PROBLEM TO WORK ON: Repeat, exactly as written, the line with "Sportmax 100% Nylon" and every line that follows it in the material below, ending with the last.

__________

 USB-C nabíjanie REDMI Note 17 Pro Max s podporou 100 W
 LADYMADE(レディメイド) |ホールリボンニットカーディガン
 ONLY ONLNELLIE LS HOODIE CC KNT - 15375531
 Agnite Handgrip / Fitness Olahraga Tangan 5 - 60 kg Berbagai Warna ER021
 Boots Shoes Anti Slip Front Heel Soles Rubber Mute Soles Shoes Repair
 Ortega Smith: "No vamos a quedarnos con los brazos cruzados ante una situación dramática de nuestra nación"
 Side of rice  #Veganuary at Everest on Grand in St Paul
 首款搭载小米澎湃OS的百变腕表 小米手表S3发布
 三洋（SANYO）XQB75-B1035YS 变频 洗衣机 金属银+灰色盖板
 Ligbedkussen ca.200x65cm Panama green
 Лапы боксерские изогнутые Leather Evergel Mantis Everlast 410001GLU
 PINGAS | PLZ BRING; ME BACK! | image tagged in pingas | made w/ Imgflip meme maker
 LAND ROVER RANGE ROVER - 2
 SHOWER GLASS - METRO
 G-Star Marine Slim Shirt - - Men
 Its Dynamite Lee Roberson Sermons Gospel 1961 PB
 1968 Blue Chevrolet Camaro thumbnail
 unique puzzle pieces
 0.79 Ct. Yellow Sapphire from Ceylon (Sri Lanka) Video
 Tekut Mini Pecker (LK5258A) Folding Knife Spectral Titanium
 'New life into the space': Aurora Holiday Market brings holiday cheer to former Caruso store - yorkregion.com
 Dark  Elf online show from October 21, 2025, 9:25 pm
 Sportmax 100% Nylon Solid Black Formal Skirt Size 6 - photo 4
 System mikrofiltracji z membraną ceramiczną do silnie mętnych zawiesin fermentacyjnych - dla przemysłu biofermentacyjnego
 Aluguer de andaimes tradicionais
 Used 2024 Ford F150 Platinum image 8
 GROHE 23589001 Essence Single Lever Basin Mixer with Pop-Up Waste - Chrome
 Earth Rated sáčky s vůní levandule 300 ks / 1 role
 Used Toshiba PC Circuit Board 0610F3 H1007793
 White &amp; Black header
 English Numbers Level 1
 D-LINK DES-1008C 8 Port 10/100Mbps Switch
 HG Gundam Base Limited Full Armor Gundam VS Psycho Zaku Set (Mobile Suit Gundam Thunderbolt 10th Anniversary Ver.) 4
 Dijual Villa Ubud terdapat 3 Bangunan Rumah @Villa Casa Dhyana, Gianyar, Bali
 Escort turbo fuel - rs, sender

__________

RESULT:
 Sportmax 100% Nylon Solid Black Formal Skirt Size 6 - photo 4
 System mikrofiltracji z membraną ceramiczną do silnie mętnych zawiesin fermentacyjnych - dla przemysłu biofermentacyjnego
 Aluguer de andaimes tradicionais
 Used 2024 Ford F150 Platinum image 8
 GROHE 23589001 Essence Single Lever Basin Mixer with Pop-Up Waste - Chrome
 Earth Rated sáčky s vůní levandule 300 ks / 1 role
 Used Toshiba PC Circuit Board 0610F3 H1007793
 White &amp; Black header
 English Numbers Level 1
 D-LINK DES-1008C 8 Port 10/100Mbps Switch
 HG Gundam Base Limited Full Armor Gundam VS Psycho Zaku Set (Mobile Suit Gundam Thunderbolt 10th Anniversary Ver.) 4
 Dijual Villa Ubud terdapat 3 Bangunan Rumah @Villa Casa Dhyana, Gianyar, Bali
 Escort turbo fuel - rs, sender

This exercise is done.